I have never noticed that reference to "chrematistics", and was totally ignorant of the term itself, so the obvious web search returns:

https://en.wikipedia.org/wiki/Chrematistics
According to Aristotle, the "necessary" chrematistic economy is licit if the sale of goods is made directly between the producer and buyer at the right price; it does not generate a value-added product.

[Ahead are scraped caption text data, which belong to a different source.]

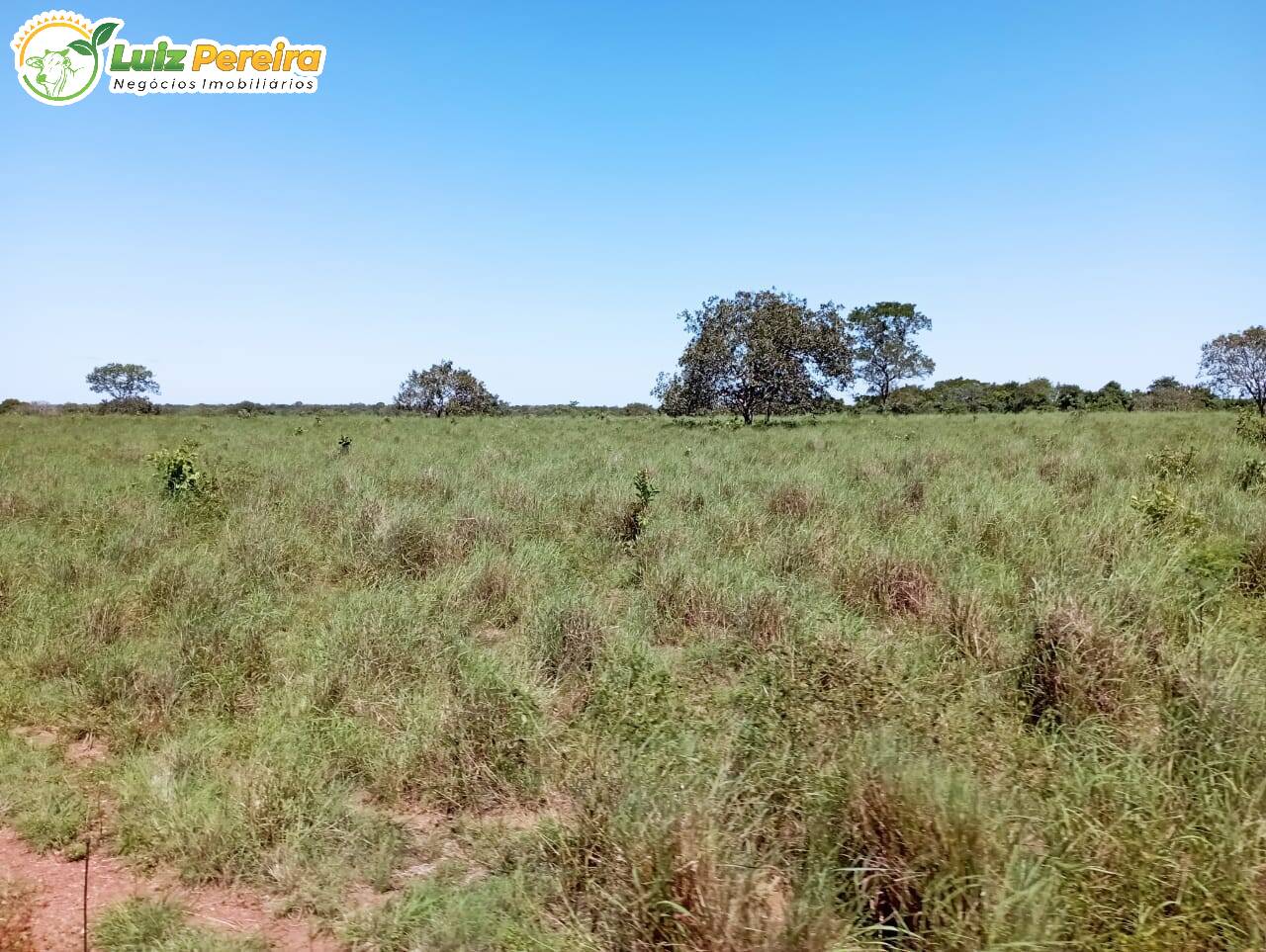 Terreno à venda, 15972000m² - Foto 11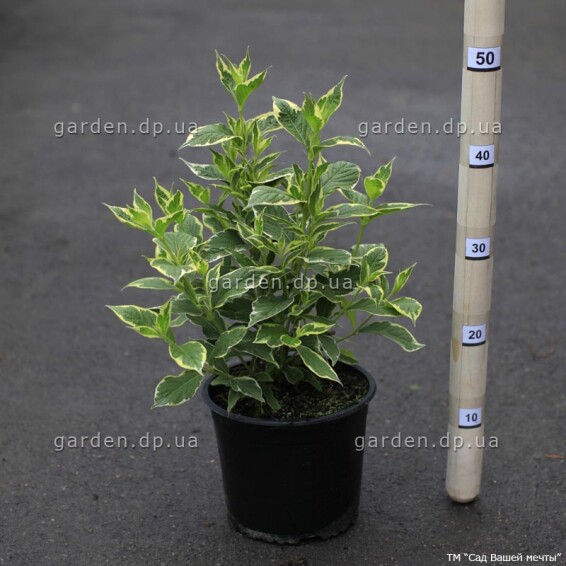 Вейгела 'Nana Variegata', C7 80-100 - 4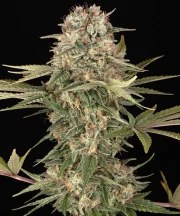 Master Kush - Regular Strain – product view 1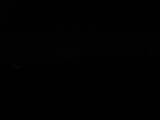 Záznam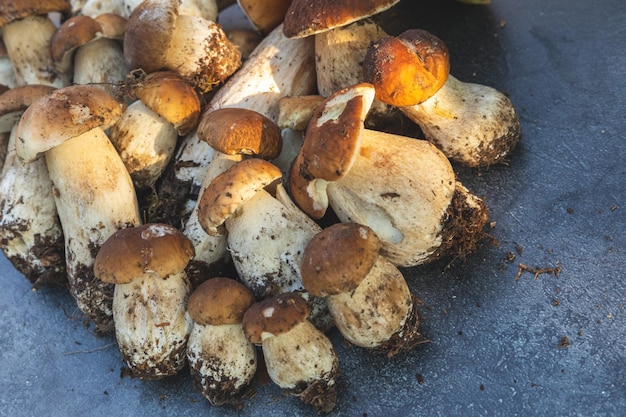 Composition d'automne automne champignons comestibles crus penny bun sur fond de schiste noir foncé ceps ove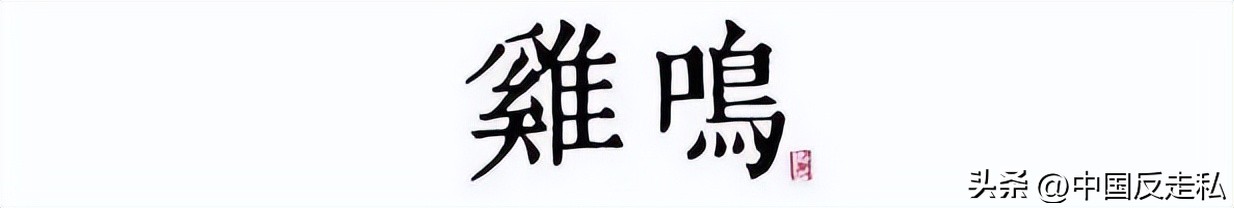 湛江海关缉私局走私最新新闻,湛江海关缉私事件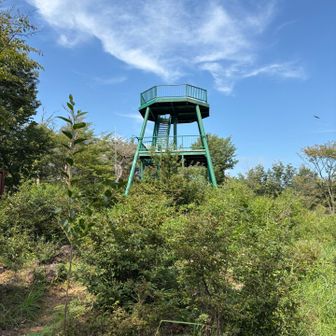 展望台できてた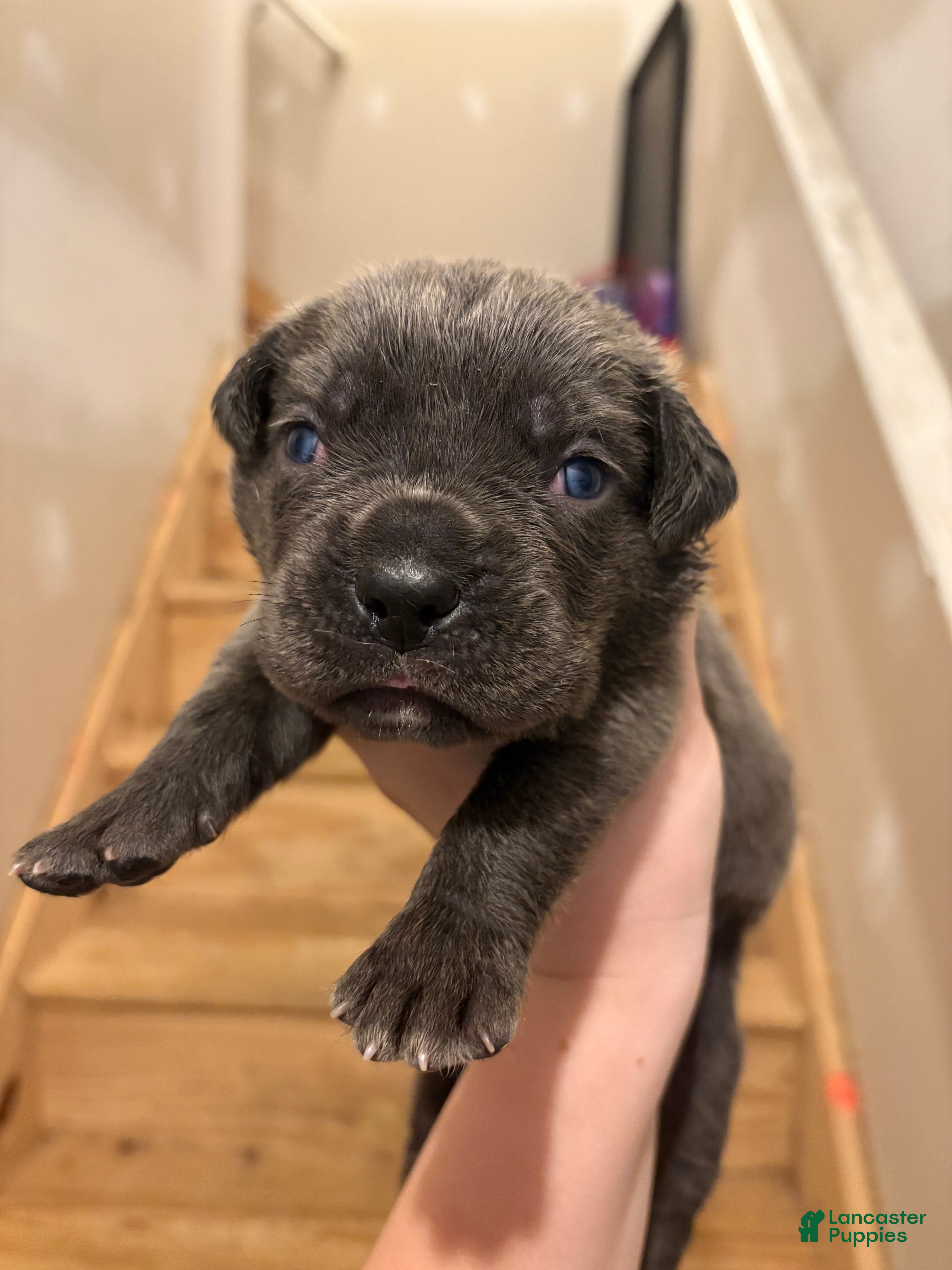 Cane Corso dogs for sale: Zuma - Ad 2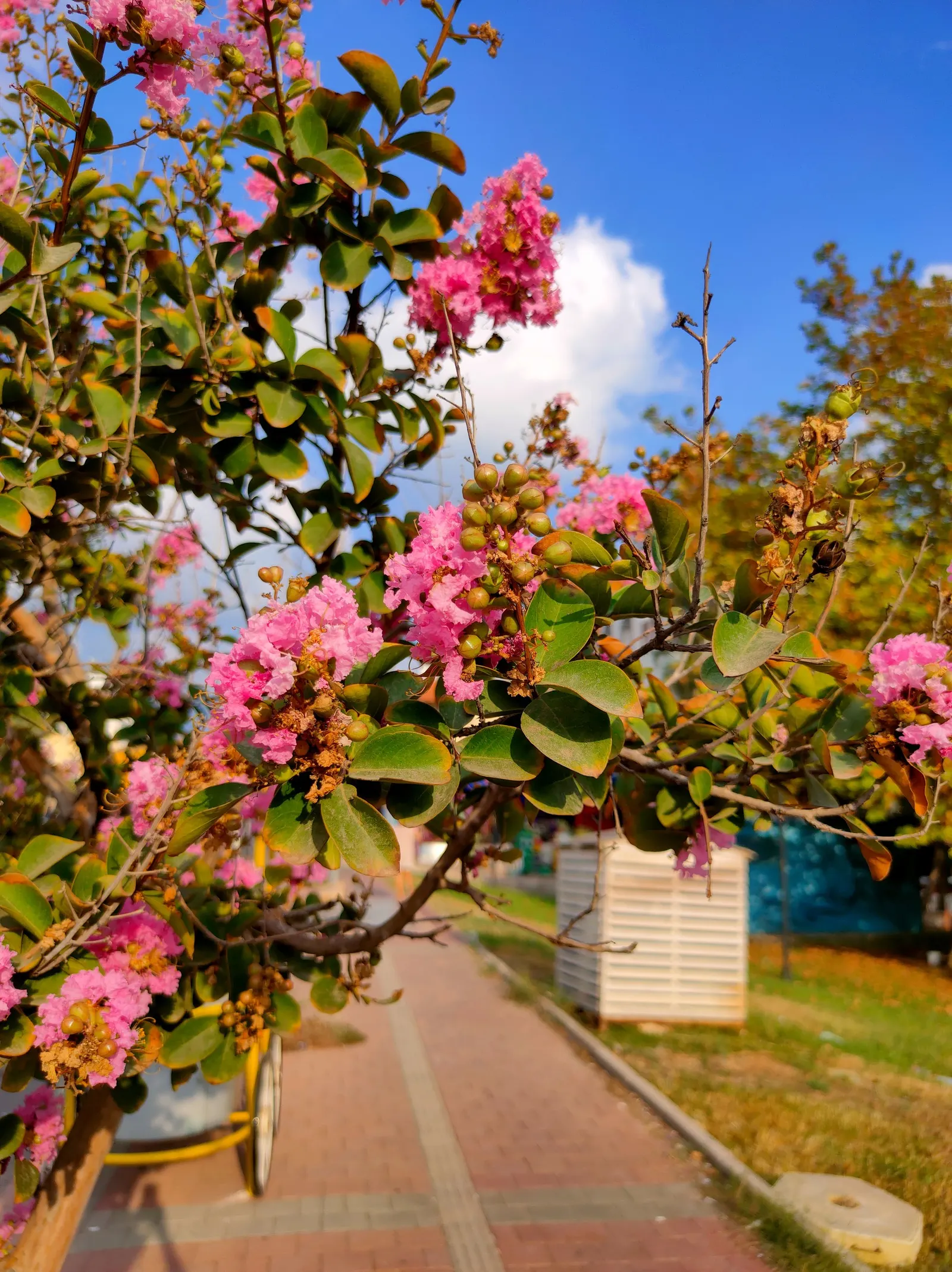 Chinese Crape Myrtle (Lagerstroemia indica) — making it a stunning focal point for any temperate landscape design; tree with white blooms
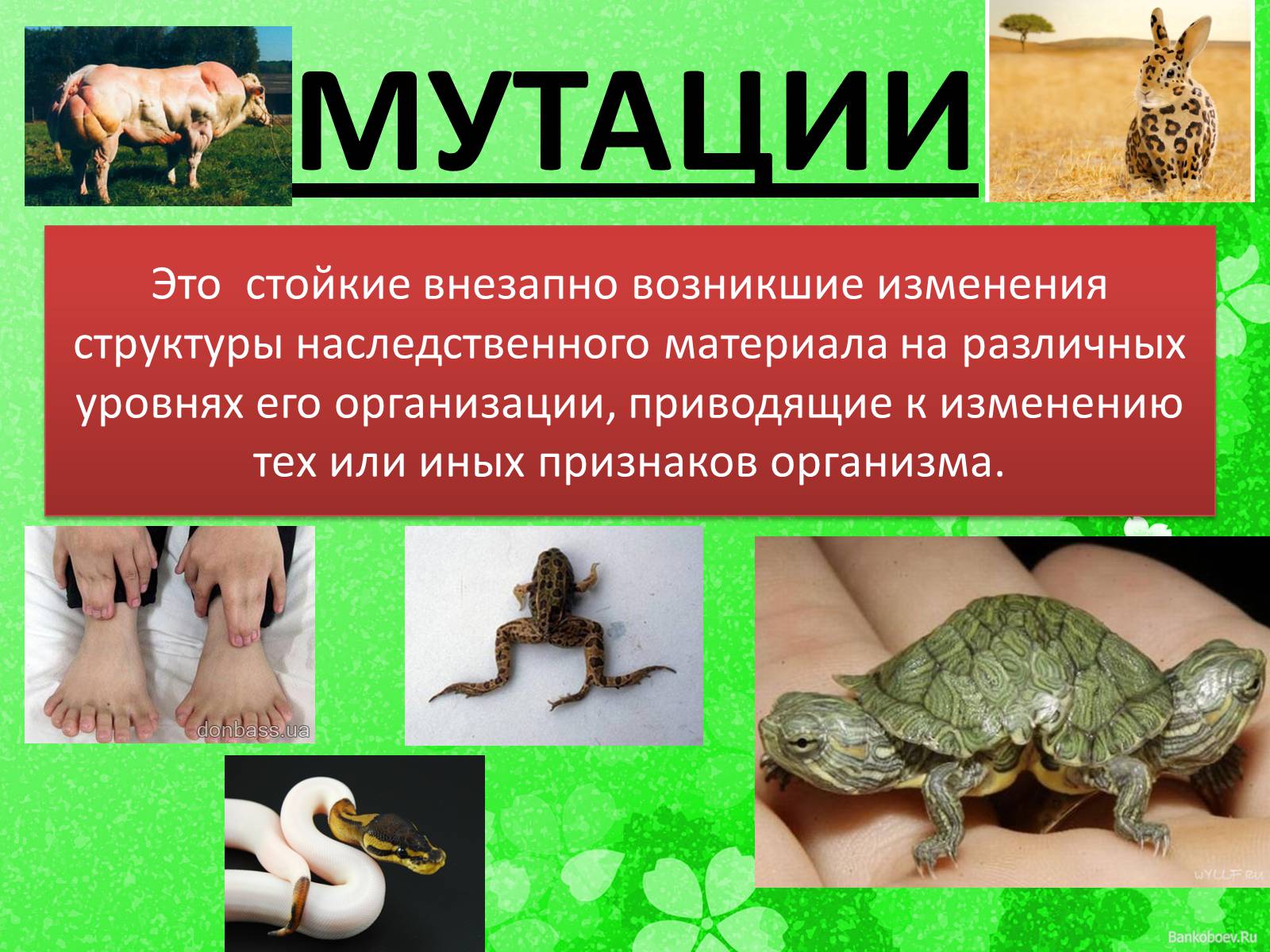 Презентація на тему «Мутационная изменчивость» - Слайд #4 Презентація на тему «Мутационная изменчивость» - Слайд #4
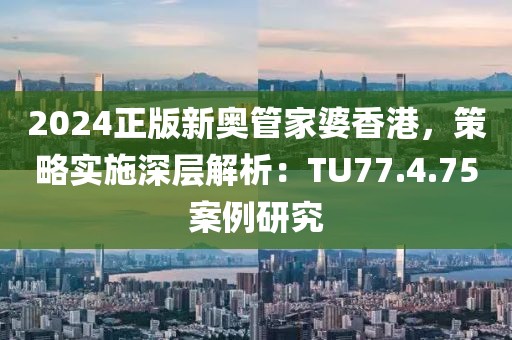 2024正版新奥管家婆香港，策略实施深层解析：TU77.4.75案例研究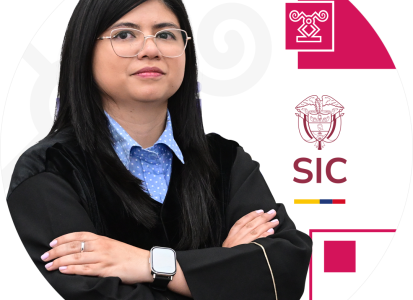 Juez adscrito a la Delegatura de Asuntos Jurisdiccionales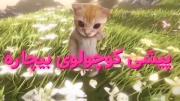 گفتم براتون یکم گورباححح بزارم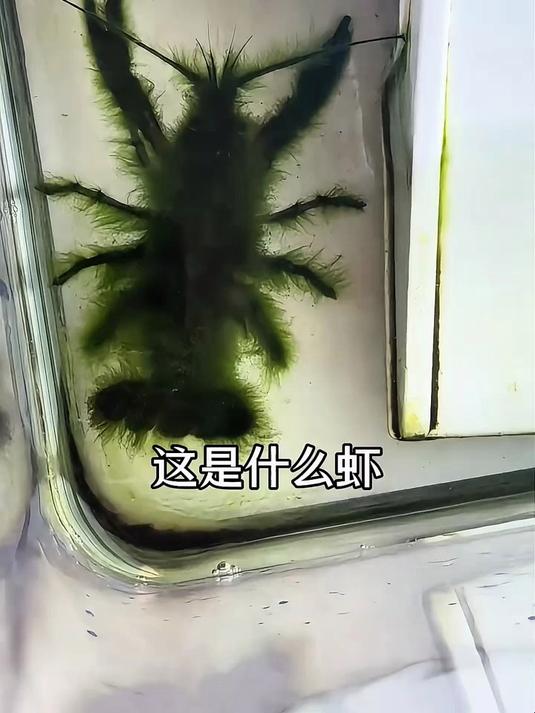 一口气带你认识25种虾的品种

By contrast, it is illicit if the producer purchases for resale to consumers for a higher price, generating added value.

Those "value-added” and “added value” should be more properly "surplus value"; my view of K.m Marx as to this is that he aimed to prove that "surplus value" is the difference between the "value as labor of free employees" of the wage-goods they can buy with their -money-wages, and the "value as labor of free employees" of the labor-power they sell to their employer to get those wages.

The Wikipedia entry continues:

In Karl Marx's Das Kapital, Marx developed a labor theory of value inspired by Aristotle's notions of exchange[6] and highlighting the consequences of what he also calls auri sacra fames (damned thirst for gold), a Latin reference of Virgil to the passion of money for money itself.

K. Marx a latter-day tomist?

Blissex said...

«I find many bourgeois commentators seem to object to the labor theory of value based on the feelings of those engaged in a single transaction or on a supposed analysis of a single market.»

Of course the real objection is to the conclusion that she share of plusvalue that goes to “profits, interest on monetary loans, rent”, that is sur-plusvalue is illegitimate because "value" is defined as "labor of free employees".

Their point of view is that "chrematistics", buy ("labor-power") low to sell ("labor" embedded in commodities) high, taking advantage of imperfect competition, is entirely the right thing to do, because "The Markets" are always right.

Side note: the crucial observation by J. M. Keynes that interest is the price of liquidity, not of money, can be used just just against the neoclassicals (Mills, Clark, Marshall) but also against Marx, because it is not an "economic good", and is not produced with the "labor of free employees". That "liquidity" as in Keynes is a very interesting concept indeed, because it is what creates path dependency with "capital" ("leets"/"putty" capital is perfectly liquid), I am sorry this rambling above as usual makes no sense :-).